» **Work instructions**:
Write down exactly the lines from the one with "1525 S Sangamon" to the end of the data, first and last included, and no others.

» **Supplied entries**:
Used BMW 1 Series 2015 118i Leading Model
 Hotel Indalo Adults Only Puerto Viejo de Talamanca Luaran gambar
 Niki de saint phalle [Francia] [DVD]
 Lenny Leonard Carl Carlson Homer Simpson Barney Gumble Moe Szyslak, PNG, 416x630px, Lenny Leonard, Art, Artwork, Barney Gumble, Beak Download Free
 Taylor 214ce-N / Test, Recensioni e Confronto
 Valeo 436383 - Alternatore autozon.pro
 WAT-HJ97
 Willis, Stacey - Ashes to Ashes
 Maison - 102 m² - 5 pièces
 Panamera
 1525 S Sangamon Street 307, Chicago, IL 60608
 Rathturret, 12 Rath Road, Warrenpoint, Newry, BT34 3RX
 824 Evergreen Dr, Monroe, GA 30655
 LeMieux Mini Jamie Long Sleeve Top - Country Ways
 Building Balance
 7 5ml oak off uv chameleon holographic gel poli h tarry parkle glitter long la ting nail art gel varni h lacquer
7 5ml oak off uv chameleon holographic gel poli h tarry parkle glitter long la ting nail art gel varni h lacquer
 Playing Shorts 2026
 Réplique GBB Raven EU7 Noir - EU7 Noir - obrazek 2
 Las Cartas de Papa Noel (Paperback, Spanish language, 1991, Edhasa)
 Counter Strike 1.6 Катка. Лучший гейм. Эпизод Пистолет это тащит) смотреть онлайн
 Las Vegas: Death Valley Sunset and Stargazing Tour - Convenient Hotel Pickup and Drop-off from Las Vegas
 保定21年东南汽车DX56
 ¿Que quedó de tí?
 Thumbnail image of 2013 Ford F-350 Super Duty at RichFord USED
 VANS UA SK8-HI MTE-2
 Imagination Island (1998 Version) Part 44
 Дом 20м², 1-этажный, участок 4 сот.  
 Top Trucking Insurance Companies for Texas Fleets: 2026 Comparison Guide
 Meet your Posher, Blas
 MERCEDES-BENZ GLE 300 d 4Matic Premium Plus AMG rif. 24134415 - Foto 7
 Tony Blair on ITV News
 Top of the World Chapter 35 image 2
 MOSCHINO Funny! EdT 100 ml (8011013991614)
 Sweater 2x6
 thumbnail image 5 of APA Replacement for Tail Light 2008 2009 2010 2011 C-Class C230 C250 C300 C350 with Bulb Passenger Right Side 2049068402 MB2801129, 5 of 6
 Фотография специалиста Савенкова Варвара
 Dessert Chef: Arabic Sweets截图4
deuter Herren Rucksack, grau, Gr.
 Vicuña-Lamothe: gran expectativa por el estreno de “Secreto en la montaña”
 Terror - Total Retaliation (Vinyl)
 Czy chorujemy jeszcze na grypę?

» **Task output**:
 1525 S Sangamon Street 307, Chicago, IL 60608
 Rathturret, 12 Rath Road, Warrenpoint, Newry, BT34 3RX
 824 Evergreen Dr, Monroe, GA 30655
 LeMieux Mini Jamie Long Sleeve Top - Country Ways
 Building Balance
 7 5ml oak off uv chameleon holographic gel poli h tarry parkle glitter long la ting nail art gel varni h lacquer
7 5ml oak off uv chameleon holographic gel poli h tarry parkle glitter long la ting nail art gel varni h lacquer
 Playing Shorts 2026
 Réplique GBB Raven EU7 Noir - EU7 Noir - obrazek 2
 Las Cartas de Papa Noel (Paperback, Spanish language, 1991, Edhasa)
 Counter Strike 1.6 Катка. Лучший гейм. Эпизод Пистолет это тащит) смотреть онлайн
 Las Vegas: Death Valley Sunset and Stargazing Tour - Convenient Hotel Pickup and Drop-off from Las Vegas
 保定21年东南汽车DX56
 ¿Que quedó de tí?
 Thumbnail image of 2013 Ford F-350 Super Duty at RichFord USED
 VANS UA SK8-HI MTE-2
 Imagination Island (1998 Version) Part 44
 Дом 20м², 1-этажный, участок 4 сот.  
 Top Trucking Insurance Companies for Texas Fleets: 2026 Comparison Guide
 Meet your Posher, Blas
 MERCEDES-BENZ GLE 300 d 4Matic Premium Plus AMG rif. 24134415 - Foto 7
 Tony Blair on ITV News
 Top of the World Chapter 35 image 2
 MOSCHINO Funny! EdT 100 ml (8011013991614)
 Sweater 2x6
 thumbnail image 5 of APA Replacement for Tail Light 2008 2009 2010 2011 C-Class C230 C250 C300 C350 with Bulb Passenger Right Side 2049068402 MB2801129, 5 of 6
 Фотография специалиста Савенкова Варвара
 Dessert Chef: Arabic Sweets截图4
deuter Herren Rucksack, grau, Gr.
 Vicuña-Lamothe: gran expectativa por el estreno de “Secreto en la montaña”
 Terror - Total Retaliation (Vinyl)
 Czy chorujemy jeszcze na grypę?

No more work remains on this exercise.